Records from a collection
++++++++

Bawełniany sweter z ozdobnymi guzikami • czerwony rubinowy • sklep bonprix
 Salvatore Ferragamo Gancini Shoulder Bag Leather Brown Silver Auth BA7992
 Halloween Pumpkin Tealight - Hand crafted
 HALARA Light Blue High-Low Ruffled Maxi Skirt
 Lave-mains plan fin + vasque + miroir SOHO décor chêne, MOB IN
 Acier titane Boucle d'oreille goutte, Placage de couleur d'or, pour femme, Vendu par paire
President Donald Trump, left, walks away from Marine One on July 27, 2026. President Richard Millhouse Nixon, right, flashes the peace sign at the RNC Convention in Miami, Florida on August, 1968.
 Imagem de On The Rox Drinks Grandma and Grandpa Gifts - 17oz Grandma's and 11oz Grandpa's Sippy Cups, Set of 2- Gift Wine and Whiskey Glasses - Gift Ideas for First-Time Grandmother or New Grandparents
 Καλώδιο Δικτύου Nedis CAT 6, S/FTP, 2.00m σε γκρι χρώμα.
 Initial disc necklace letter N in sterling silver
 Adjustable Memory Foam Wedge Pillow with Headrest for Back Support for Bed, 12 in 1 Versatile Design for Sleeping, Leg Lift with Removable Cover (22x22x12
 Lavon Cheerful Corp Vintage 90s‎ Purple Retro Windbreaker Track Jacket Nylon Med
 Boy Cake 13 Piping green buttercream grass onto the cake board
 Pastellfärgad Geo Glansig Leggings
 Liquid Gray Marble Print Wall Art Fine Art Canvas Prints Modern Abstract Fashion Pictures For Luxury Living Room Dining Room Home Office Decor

++++++++

Print every record above exactly as it stands.

Bawełniany sweter z ozdobnymi guzikami • czerwony rubinowy • sklep bonprix
 Salvatore Ferragamo Gancini Shoulder Bag Leather Brown Silver Auth BA7992
 Halloween Pumpkin Tealight - Hand crafted
 HALARA Light Blue High-Low Ruffled Maxi Skirt
 Lave-mains plan fin + vasque + miroir SOHO décor chêne, MOB IN
 Acier titane Boucle d'oreille goutte, Placage de couleur d'or, pour femme, Vendu par paire
President Donald Trump, left, walks away from Marine One on July 27, 2026. President Richard Millhouse Nixon, right, flashes the peace sign at the RNC Convention in Miami, Florida on August, 1968.
 Imagem de On The Rox Drinks Grandma and Grandpa Gifts - 17oz Grandma's and 11oz Grandpa's Sippy Cups, Set of 2- Gift Wine and Whiskey Glasses - Gift Ideas for First-Time Grandmother or New Grandparents
 Καλώδιο Δικτύου Nedis CAT 6, S/FTP, 2.00m σε γκρι χρώμα.
 Initial disc necklace letter N in sterling silver
 Adjustable Memory Foam Wedge Pillow with Headrest for Back Support for Bed, 12 in 1 Versatile Design for Sleeping, Leg Lift with Removable Cover (22x22x12
 Lavon Cheerful Corp Vintage 90s‎ Purple Retro Windbreaker Track Jacket Nylon Med
 Boy Cake 13 Piping green buttercream grass onto the cake board
 Pastellfärgad Geo Glansig Leggings
 Liquid Gray Marble Print Wall Art Fine Art Canvas Prints Modern Abstract Fashion Pictures For Luxury Living Room Dining Room Home Office Decor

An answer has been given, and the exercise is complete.